Here are some pros and cons to other car-buying strategies:

Buying programs

Who is one of the top sellers of vehicles in the U.S.? Try Costco.

The company connects members with a network of participating dealerships that offer money-saving deals on new and used vehicles. About 3,000 dealerships are in Costco’s program.

Sam’s Club, AAA and others also offer auto buying services as a perk to members. They all work essentially the same way, with online tools to streamline the shopping process. The key advantage — these services take the haggling out of the equation.

With Costco, for example, members plug their preferred new or used vehicle into the directory, including make, model and model year, and local participating dealers come back with offers. Costco says members save an average of $1,000 on a typical transaction.

If buying used, those cars must have undergone a thorough inspection, with necessary repairs.

Downsides? Membership comes at a price, though not steep: $60 at Costco, and $45 at Sam’s Club, for example. The dealers with the best deals may not be the most convenient, and keep in mind you will only see cars offered by participating dealers —in other words, not all the cars that fit your criteria.


With Hertz trying to sell thousands of cars at huge discounts, now might be a good time to kick the tires at rental car companies.

Pay attention to the number of miles on a vehicle. Experts say aim for a car with no more than 15,000 miles. Where those miles occur is key; rental cars are often driven on long trips over highways. It makes sense — driving on smoother highways generally means much less wear and tear than stop-and-go city traffic.


While online auctions will sometimes turn up sweet deals, experts recommend shopping at brick-and-mortar auctions in your area.
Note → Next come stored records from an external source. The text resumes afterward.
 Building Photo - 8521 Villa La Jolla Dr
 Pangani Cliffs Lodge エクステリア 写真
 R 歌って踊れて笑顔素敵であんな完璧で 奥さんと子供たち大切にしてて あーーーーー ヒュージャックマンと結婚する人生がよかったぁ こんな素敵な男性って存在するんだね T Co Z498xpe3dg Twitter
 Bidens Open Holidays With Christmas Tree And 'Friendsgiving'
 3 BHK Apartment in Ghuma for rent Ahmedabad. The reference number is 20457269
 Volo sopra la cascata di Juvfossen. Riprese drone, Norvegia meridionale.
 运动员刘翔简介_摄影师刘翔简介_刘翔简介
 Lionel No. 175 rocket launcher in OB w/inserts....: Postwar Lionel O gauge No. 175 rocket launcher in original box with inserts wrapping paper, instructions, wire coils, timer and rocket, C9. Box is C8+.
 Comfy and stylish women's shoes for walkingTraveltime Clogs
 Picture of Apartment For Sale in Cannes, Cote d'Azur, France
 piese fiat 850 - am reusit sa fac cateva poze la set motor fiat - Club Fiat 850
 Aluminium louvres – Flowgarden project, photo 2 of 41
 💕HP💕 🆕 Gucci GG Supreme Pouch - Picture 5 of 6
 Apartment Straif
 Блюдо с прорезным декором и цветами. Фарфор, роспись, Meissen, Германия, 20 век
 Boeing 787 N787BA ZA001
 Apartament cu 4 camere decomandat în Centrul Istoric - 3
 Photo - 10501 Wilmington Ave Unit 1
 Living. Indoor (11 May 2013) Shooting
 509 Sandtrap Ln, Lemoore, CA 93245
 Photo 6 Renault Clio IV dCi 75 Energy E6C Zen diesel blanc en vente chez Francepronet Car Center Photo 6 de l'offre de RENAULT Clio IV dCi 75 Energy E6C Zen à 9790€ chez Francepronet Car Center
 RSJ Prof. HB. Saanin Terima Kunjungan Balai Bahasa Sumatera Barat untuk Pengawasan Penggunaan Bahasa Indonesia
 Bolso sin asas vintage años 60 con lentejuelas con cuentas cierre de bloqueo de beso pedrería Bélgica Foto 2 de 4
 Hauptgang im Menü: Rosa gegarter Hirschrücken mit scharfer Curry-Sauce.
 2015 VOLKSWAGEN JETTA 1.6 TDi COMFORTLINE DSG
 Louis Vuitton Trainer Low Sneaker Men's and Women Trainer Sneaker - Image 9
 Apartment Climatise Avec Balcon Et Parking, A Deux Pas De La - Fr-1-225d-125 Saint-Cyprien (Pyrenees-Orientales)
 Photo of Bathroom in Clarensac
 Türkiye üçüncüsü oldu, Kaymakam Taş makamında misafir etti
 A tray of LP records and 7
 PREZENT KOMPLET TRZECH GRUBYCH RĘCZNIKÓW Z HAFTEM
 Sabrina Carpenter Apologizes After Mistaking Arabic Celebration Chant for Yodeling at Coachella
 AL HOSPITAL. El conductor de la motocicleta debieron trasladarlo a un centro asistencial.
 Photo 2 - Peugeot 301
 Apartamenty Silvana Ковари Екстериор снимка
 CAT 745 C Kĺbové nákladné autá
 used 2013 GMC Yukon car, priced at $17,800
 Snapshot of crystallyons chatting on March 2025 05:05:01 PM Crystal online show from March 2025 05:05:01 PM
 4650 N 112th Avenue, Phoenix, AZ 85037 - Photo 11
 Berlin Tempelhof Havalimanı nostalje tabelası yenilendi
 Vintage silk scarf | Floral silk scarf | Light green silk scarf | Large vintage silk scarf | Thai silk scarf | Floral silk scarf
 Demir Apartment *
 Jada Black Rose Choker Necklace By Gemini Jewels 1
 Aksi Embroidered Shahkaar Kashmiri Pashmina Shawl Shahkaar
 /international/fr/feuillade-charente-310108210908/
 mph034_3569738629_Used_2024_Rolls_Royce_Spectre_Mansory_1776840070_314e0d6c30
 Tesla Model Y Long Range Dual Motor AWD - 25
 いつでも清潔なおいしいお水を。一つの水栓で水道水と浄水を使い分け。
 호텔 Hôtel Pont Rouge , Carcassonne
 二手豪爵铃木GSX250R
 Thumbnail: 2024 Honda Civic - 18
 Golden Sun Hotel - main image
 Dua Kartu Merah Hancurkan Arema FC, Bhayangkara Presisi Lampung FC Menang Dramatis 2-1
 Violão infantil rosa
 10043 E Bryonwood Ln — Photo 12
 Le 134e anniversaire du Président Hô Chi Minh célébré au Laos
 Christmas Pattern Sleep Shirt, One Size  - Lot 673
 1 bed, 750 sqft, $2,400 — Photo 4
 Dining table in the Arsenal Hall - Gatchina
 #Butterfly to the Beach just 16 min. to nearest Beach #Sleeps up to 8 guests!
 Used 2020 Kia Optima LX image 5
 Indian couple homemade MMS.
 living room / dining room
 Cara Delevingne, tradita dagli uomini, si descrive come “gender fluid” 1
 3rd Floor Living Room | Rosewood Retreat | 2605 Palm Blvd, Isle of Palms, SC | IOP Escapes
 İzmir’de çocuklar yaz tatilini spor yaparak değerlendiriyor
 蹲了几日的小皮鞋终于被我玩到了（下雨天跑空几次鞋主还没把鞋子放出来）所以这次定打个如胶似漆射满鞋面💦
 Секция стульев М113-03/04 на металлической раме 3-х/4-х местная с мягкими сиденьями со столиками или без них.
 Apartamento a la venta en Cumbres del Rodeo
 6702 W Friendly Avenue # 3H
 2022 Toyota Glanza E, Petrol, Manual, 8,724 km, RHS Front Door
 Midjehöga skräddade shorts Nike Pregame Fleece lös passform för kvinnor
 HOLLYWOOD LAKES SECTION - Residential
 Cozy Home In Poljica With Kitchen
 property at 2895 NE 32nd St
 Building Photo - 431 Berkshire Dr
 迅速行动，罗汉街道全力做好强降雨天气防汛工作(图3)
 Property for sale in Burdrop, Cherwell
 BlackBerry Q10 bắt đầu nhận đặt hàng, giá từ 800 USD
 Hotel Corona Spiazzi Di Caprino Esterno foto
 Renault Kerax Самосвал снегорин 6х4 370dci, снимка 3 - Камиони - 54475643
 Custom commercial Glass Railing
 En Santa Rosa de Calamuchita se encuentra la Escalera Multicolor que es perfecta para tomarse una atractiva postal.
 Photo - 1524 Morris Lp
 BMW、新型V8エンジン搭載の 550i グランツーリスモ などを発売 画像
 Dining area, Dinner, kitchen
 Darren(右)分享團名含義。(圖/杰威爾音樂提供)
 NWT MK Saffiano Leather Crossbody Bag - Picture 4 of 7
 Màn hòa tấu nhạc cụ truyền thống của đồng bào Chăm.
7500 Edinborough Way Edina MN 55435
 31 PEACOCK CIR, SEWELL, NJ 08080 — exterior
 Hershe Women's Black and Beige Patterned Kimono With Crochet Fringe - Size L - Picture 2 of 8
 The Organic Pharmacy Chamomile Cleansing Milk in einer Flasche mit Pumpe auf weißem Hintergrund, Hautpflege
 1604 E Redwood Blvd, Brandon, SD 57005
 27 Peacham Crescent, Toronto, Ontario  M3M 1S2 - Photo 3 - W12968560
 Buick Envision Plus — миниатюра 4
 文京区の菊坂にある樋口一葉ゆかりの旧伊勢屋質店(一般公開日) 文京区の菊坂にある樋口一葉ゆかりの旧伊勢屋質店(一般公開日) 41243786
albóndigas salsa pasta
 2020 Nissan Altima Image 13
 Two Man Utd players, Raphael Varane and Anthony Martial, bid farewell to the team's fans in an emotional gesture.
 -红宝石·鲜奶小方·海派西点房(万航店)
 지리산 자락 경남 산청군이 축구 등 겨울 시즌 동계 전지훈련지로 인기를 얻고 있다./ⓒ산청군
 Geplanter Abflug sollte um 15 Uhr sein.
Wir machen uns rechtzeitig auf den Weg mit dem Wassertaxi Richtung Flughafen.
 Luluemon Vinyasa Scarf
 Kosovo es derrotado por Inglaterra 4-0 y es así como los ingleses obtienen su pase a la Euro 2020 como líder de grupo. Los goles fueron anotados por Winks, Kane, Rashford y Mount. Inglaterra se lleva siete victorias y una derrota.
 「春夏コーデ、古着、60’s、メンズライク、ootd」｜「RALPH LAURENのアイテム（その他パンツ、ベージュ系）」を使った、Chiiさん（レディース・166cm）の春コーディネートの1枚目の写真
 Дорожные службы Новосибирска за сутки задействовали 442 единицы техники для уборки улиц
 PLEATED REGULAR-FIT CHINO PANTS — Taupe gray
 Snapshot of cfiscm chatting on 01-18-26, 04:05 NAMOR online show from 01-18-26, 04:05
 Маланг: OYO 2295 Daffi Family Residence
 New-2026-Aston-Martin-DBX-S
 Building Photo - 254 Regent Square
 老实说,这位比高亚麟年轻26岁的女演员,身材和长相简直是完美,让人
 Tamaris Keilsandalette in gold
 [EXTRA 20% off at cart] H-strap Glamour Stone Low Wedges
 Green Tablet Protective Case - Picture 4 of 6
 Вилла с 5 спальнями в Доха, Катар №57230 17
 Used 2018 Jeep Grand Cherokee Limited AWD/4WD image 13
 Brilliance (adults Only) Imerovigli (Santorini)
According to NerdWallet, vehicles usually sell for trade-in value which can be much cheaper than the sticker price at a dealership.

Some auctions are strictly for brokers who are affiliated with dealerships. Brokers, however, build their fee into the price, plus there could be shipping costs if the vehicle is coming from afar.

An alternative: Look for public auctions that don’t require a dealer license. In some cases, you may have to pay a fee to bid.

Experts recommend observing the action several times to get a grasp of the rapid-fire process. If you’re friends with an auto mechanic or a car buff, invite them along.

But beware, you may not get much time to inspect the vehicle you’re interested in, and if you are successful, a deposit is required on the spot and full payment is generally due in 24 hours.